I recently wrote a piece for The Dispatch on why Republicans are so reluctant to participate in the “Conference of the Parties” (COP), the annual United Nations-hosted forum to negotiate climate issues. The answer lies in the belief shared by many COP participants that the United States should undertake climate action, but other nations should not share the same burden (often based on justifications like historical or per-capita emissions).

You can read more in that piece, but there is a broader 101-level issue to keep in mind: Climate change is a classic “prisoner’s dilemma,” and overcoming its game theory dynamic is exceptionally hard. While climate-concerned folks would prefer global cooperation, it’s not in every nation’s self-interest.

There have been two international climate treaties. The first was the Kyoto Protocol (KP) of 1997, largely considered a failure. The KP divided the world into richer and poorer countries and imposed emission abatement targets on the rich while poorer countries had no requirements. This makes sense, except the division was such that some of the largest emitters—like China and Russia—had no burdens, while Western nations had substantial requirements. Unsurprisingly, the United States declined to participate.

The other major international climate treaty is the Paris Agreement (PA) of 2015. Still in effect today, the PA acts as a vehicle by which nations can make “nationally determined contributions” voluntarily. In other words, nations set their own targets under the PA, and the agreement facilitates the verification and negotiation of those targets. But without imposing requirements on participating countries, the PA hasn’t had much of an effect, as nations largely promise to do what they were already doing anyway.

So, what dynamics impede global climate cooperation? There are two conventional aspects to consider: 1) the game theory elements that favor freeriding and 2) the disparity of costs relative to benefits for treaty negotiators.

First up is game theory—the science of how decisions are made. A classic example of game theory is the prisoner’s dilemma, a hypothetical scenario in which the police capture and interrogate two bank robbers. They present each robber with the option to either betray their partner or remain silent. The optimal outcome is that both robbers remain silent, yielding a light sentence for both. If one betrays the other, they avoid prison time completely while their partner gets a long sentence; however, if they betray each other, they both end up with moderate sentences. Thus, while cooperation is optimal, the individual incentive for each robber is to defect in order to avoid the worst outcome and have a chance at the best.

Climate change is a similar issue. The best outcome for one nation is to freeride on the climate progress of others so they get all the benefits without incurring any cost; the worst is to undertake big climate burdens when no one else does, resulting in significant costs but no climate benefits. From a negotiation perspective, something more is needed to overcome this challenge than the assumption that nations will undertake climate commitments as a matter of goodwill.

The second issue is that the relative costs and benefits of climate action don’t favor all parties equally. Even though clean energy is cheap (as explained in other pieces), it’s not a perfect substitute for fossil fuels. For power-hungry and coal-rich nations like China, the cheapest path is to keep burning lots of carbon-intensive coal.
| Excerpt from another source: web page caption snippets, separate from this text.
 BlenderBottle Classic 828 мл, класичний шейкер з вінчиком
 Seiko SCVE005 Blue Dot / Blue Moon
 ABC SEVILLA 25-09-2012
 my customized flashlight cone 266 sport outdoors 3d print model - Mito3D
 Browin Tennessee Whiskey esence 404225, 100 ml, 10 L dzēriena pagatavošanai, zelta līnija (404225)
For wealthier nations like those in Europe that rely on imported energy sources, clean energy has comparatively more economic benefit. The energy security benefit is appealing to Europe and partially explains their willingness to focus on quitting fossil fuels (for which they are especially reliant on Russia).

Climate change doesn’t have the same impact everywhere. Some low-lying island nations live with the existential threat of rising sea levels. Other nations, like Russia, prefer higher temperatures that may improve the productivity of land in cold regions. This shows that while some nations may not benefit significantly from climate action, others have no incentive to accept any deal short of one that effectively halts climate change. As a result, it’s exceedingly difficult to get interests to align on this issue. The nations that care the most have the least ability to effect change, while the biggest emitters may not see much value in curbing emissions.
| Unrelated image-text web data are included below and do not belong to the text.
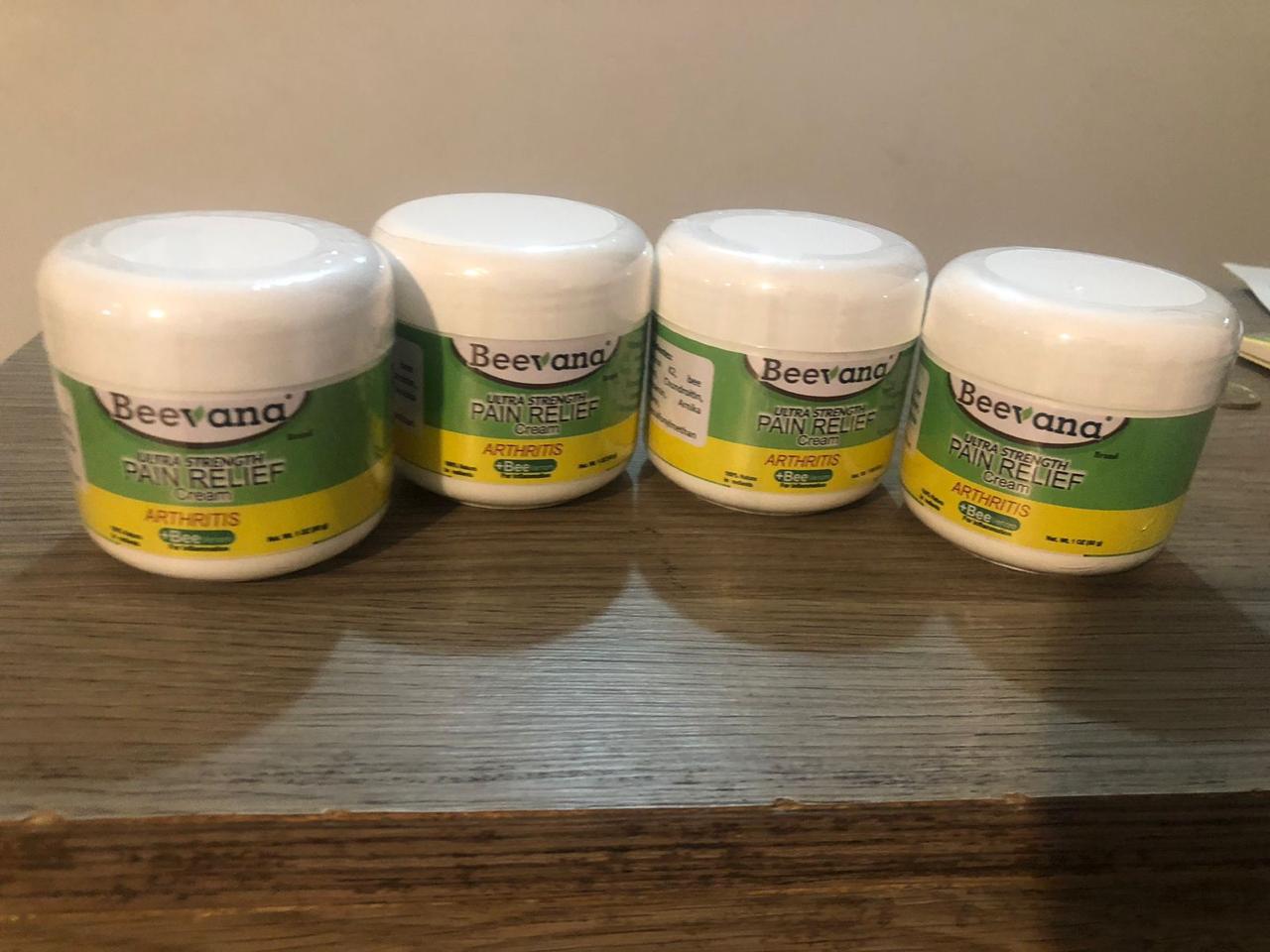 Beevana crema dolores y articulaciones X 4 Unidades
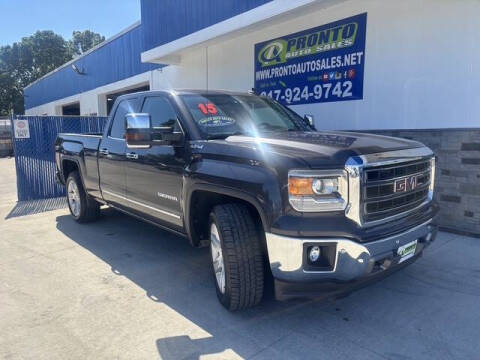 2015 GMC Sierra 1500 SLT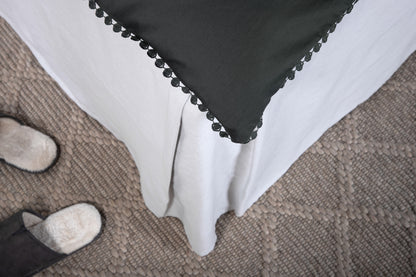 Livia Sengesæt 200 x 150 Antracit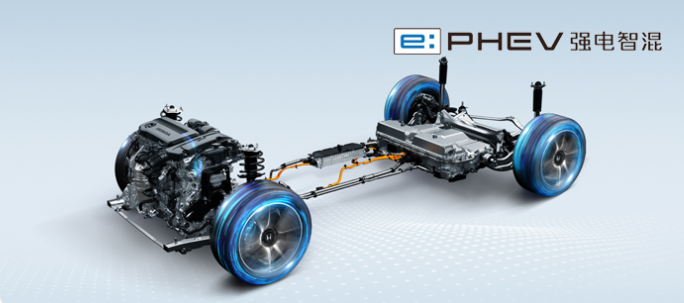 平顺安静更省油的
插电式混动系统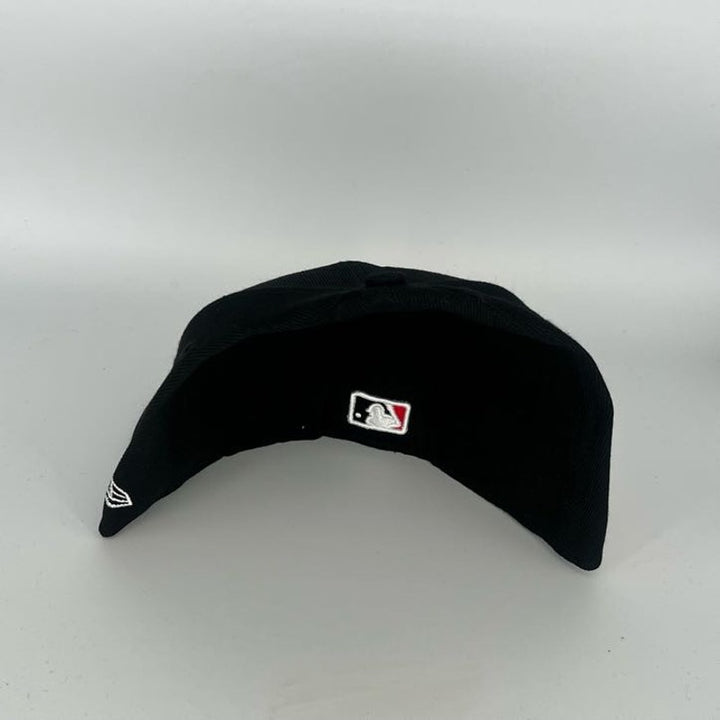 Black Los Angeles Dodgers New Era MLB 59Fifty Fitted Hat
It’s outside the scope of this piece to explain exactly what should be done about it; however, it’s important to understand that the climate negotiation dynamics are so hard to overcome that it’s unlikely there will ever be a global deal that satisfies all participants. It may be possible to overcome these challenges by tying climate goals to other issues (e.g., trade deals), and some have suggested the United States should push for such a strategy owing to the country’s “carbon advantage” and Europe’s new Carbon Border Adjustment Mechanism. But the 1990s vision of a global limit on greenhouse gas emissions (à la the KP) is unlikely to occur anytime soon.
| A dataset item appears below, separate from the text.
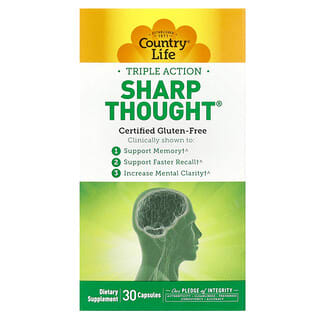 Country Life‏, SharpThought, 30 Capsules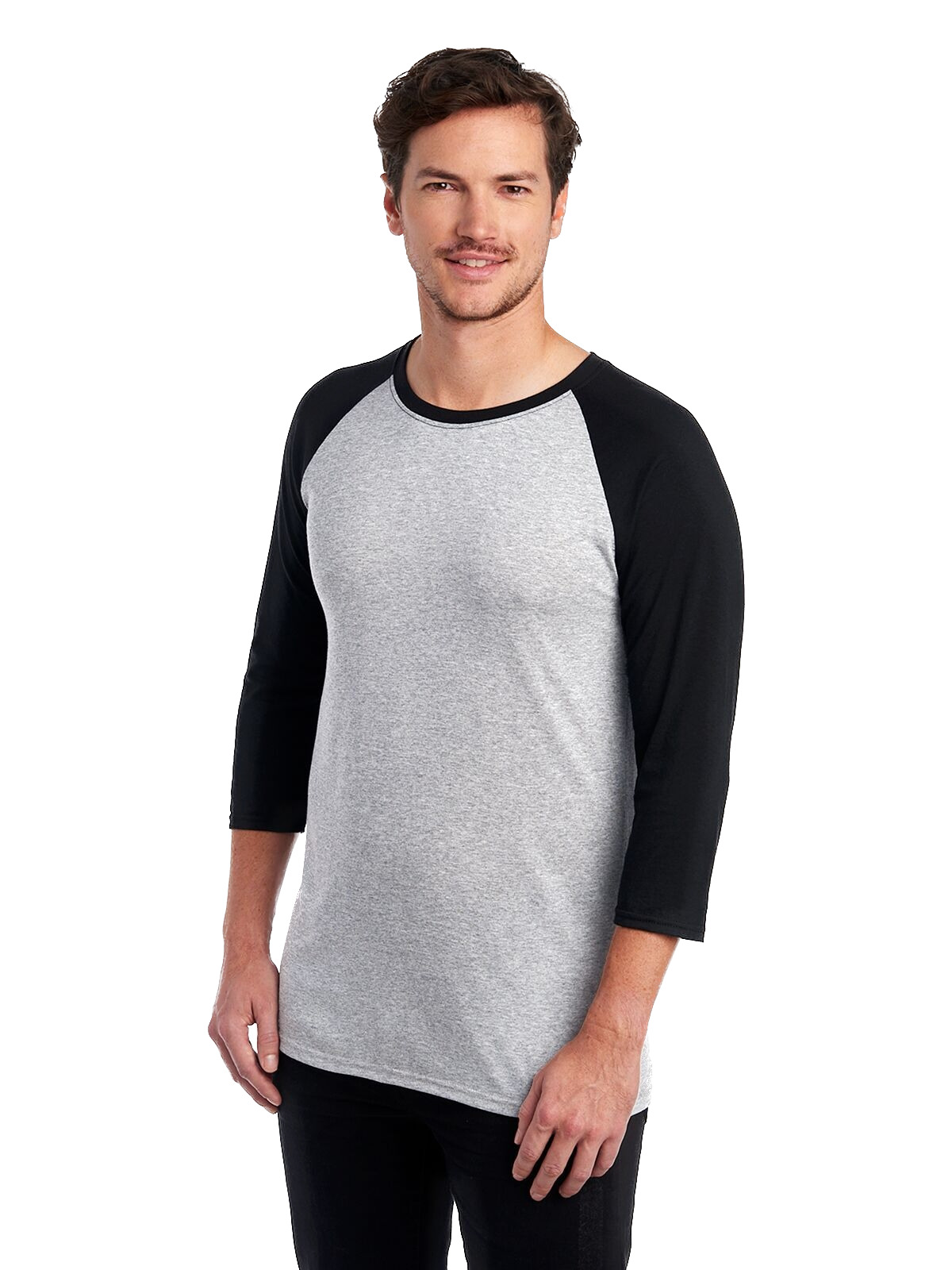 Jerzees 601RR Oxford / Black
Ultimately, every nation weighs different costs and benefits from climate action. This, combined with the issue’s global nature, makes it extremely hard to align interests to the point of garnering an agreement. It’s why the PA focuses on voluntary contributions rather than set targets. The difficulty in achieving consensus also explains why it’s so important for climate treaties to be negotiated better, and particularly in a way that can endure political shifts—something past efforts have fallen short on.